Women do not find it difficult nowadays to behave like men, but they often find it extremely difficult to behave like gentlemen. Compton Mackenzie, Literature in My Time, 1933
You have to remember, rights don’t come in groups we shouldn’t have ‘gay rights’; rights come as individuals, and we wouldn’t have this major debate going on. It would be behaviour that would count, not what person belongs to what group. Ron Paul
Fundamentalists long for the return of a more moral America, an America that may never have been. All around them they see what they perceive as declining morality and spirituality. They reason that if humans share ancestry with the other animals, we have no reason to behave as anything other than animals. This view neglects the fact that humans are the only known animals with the ability to contemplate the consequences of their own actions. It also fails to recognize that there is a great deal of good in the world, the nightly news notwithstanding. Crime existed long before the theory of evolution, even before the writing of the Bible, and biologists do not like crime any more than the creationists do. Evolutionary theory is not a license to run amok, and neither is a belief in the literal interpretation of the Bible a guarantor of moral behavior. Tim Berra, Evolution and the Myth of Creationism
Test the way our brains interpret the world and its complex systems. Dara O’Briain’s Science Club: Mindbending s2e1, BBC 2013
The science behind unconscious group behaviour or swarming is new and fascinating. ibid.

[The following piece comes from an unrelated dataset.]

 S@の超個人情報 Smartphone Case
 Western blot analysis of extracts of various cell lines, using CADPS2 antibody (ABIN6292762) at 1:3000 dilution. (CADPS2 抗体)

It would appear that the left logical hemisphere can be persuaded or manipulated into believing a certain belief or behaviour was logically correct. Once this is established in the mind of the individual, then it appears possible to carry out any form of atrocity under the cloak of it being justifiable. David Pederson, Cameral Analysis
A man’s ethical behaviour should be based effectually on sympathy, education, and social ties and needs; no religious basis is necessary. Man would indeed be in a poor way if he had to be restrained by fear of punishment and hope of reward after death. Albert Einstein, attributed
Add to the fact that to have conscientiously studied the liberal arts refines behaviour and does not allow it to be savage. Ovid
In 2001 Frontline reported on the dramatic rise in the number of children being given behaviour modifying medications. Frontline: The Medicated Child, 2008 PBS
A teacher suggested he was hyperactive ... In pre-school another teacher suggested medication ... and prescribed Ritalin .. It made him anxious. ibid.
A steep rise in the diagnosis and treatment of childhood mental illnesses of all kinds. ibid.
Tens of thousands of children are being prescribed powerful medication to control hyperactivity and improve their behaviour. According to the latest figures prescriptions for these drugs have almost doubled in the last five years. But now Britain’s leading psychological societies are calling for an urgent review. So is medication being used as a chemical cosh for kids? Tonight: Chemical Cosh for Kids? ITV 2011
The number of prescriptions for drugs to combat ADHD has gone up from four hundred and eighty thousand to eight hundred thousand in the last five years. Most of the drugs are stimulants, and work like the illegal drugs speed or cocaine. But for ADHD sufferers they radically increase focus and help concentration in the classroom. ibid.